YOUR OBJECTIVE:
All of the data must be written out verbatim, with pictures excluded.

Saved data entries
━━━

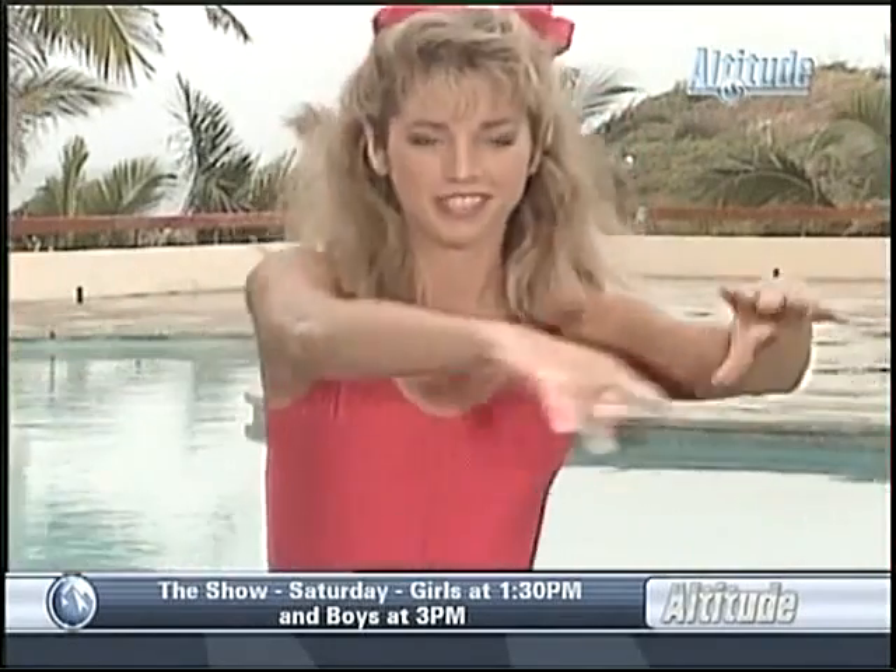Stretch it out from side to side — just stretch the hips. You should start to feel it right there. Stretching out the hips that we used, contracting that muscle and stretching it out. And hold. Now for our waistline work. The leg is extended out — clasp your hands behind your neck.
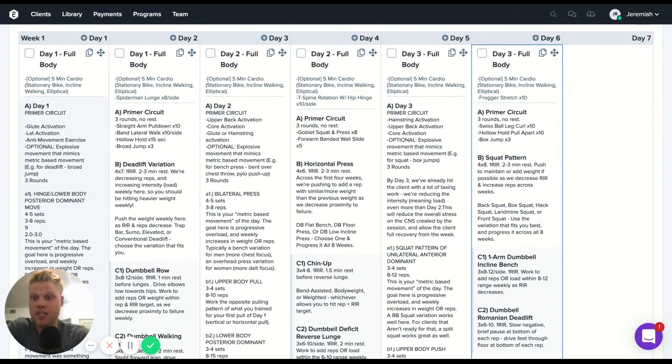We can also do some type of explosive movement mimicking the first pattern we're going to train. For example, if we're doing a deadlift, we could start with a broad jump — this primes your nervous system. Keep this to relatively low reps, about three to five. If we're doing a bench press, we could do a plyo push-up or a bent-over chest throw. For a squat, we could do a box squat or jump squat. That's typically how we lay out the primer.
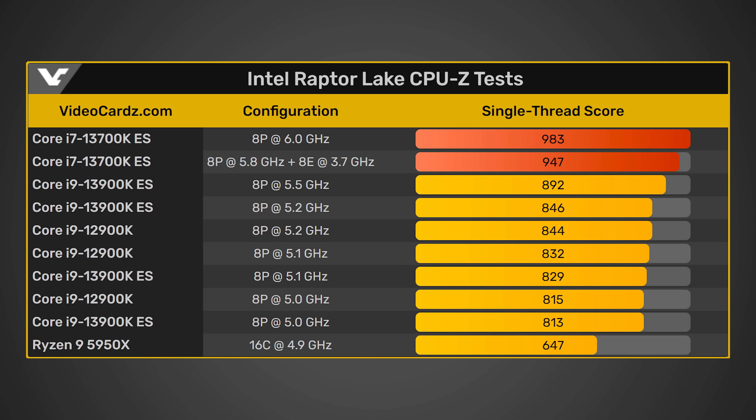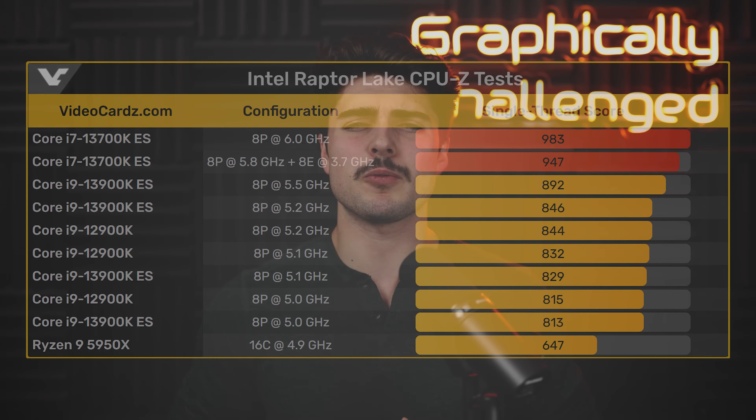Regardless, it looks like the 13700K was actually able to score 983 points in CPU-Z, which puts it around 16% higher performance than the i9-12900K at 5.2 gigahertz. That's a pretty massive increase and very exciting to see. Hopefully the rest of Raptor Lake is able to achieve those super high clock speeds, but only time will tell. Maybe they're using LN2 or something like that, so we're just going to have to wait and see whether Raptor Lake is really going to be a big increase over Alder Lake.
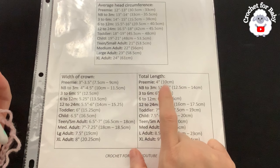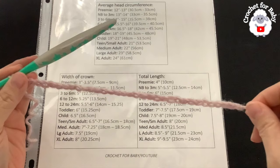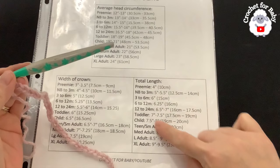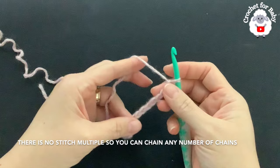For the three to six month size, the total length is about six inches. I've chained 34 chains, measuring about eight inches — the six inches plus an extra two inches for the brim. If you want a wider brim, add two and a half or three inches more. The important thing is to always add at least two extra inches for the brim, whatever size you're making.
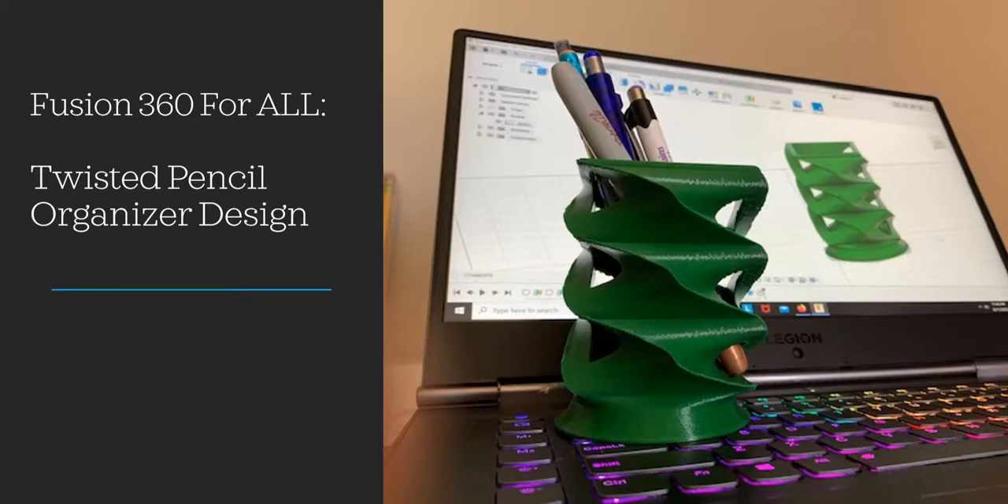Hey everyone, today's tutorial we're gonna look at designing a twisted pencil organizer. It's a pretty neat design that uses some useful techniques in Fusion 360, so let's jump right in.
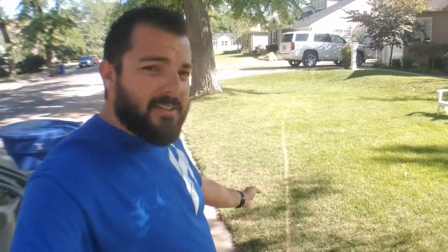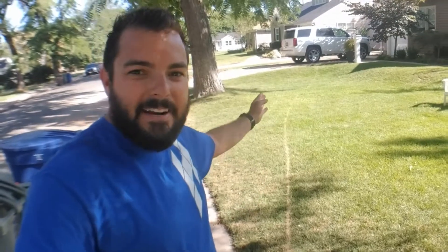Hey guys, we're just out looking around, walking around, checking yards, and we run across this really weird line of dead grass.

━━━

PROBLEM SOLUTION:
Stretch it out from side to side — just stretch the hips. You should start to feel it right there. Stretching out the hips that we used, contracting that muscle and stretching it out. And hold. Now for our waistline work. The leg is extended out — clasp your hands behind your neck.
We can also do some type of explosive movement mimicking the first pattern we're going to train. For example, if we're doing a deadlift, we could start with a broad jump — this primes your nervous system. Keep this to relatively low reps, about three to five. If we're doing a bench press, we could do a plyo push-up or a bent-over chest throw. For a squat, we could do a box squat or jump squat. That's typically how we lay out the primer.
Regardless, it looks like the 13700K was actually able to score 983 points in CPU-Z, which puts it around 16% higher performance than the i9-12900K at 5.2 gigahertz. That's a pretty massive increase and very exciting to see. Hopefully the rest of Raptor Lake is able to achieve those super high clock speeds, but only time will tell. Maybe they're using LN2 or something like that, so we're just going to have to wait and see whether Raptor Lake is really going to be a big increase over Alder Lake.
For the three to six month size, the total length is about six inches. I've chained 34 chains, measuring about eight inches — the six inches plus an extra two inches for the brim. If you want a wider brim, add two and a half or three inches more. The important thing is to always add at least two extra inches for the brim, whatever size you're making.
Hey everyone, today's tutorial we're gonna look at designing a twisted pencil organizer. It's a pretty neat design that uses some useful techniques in Fusion 360, so let's jump right in.
Hey guys, we're just out looking around, walking around, checking yards, and we run across this really weird line of dead grass.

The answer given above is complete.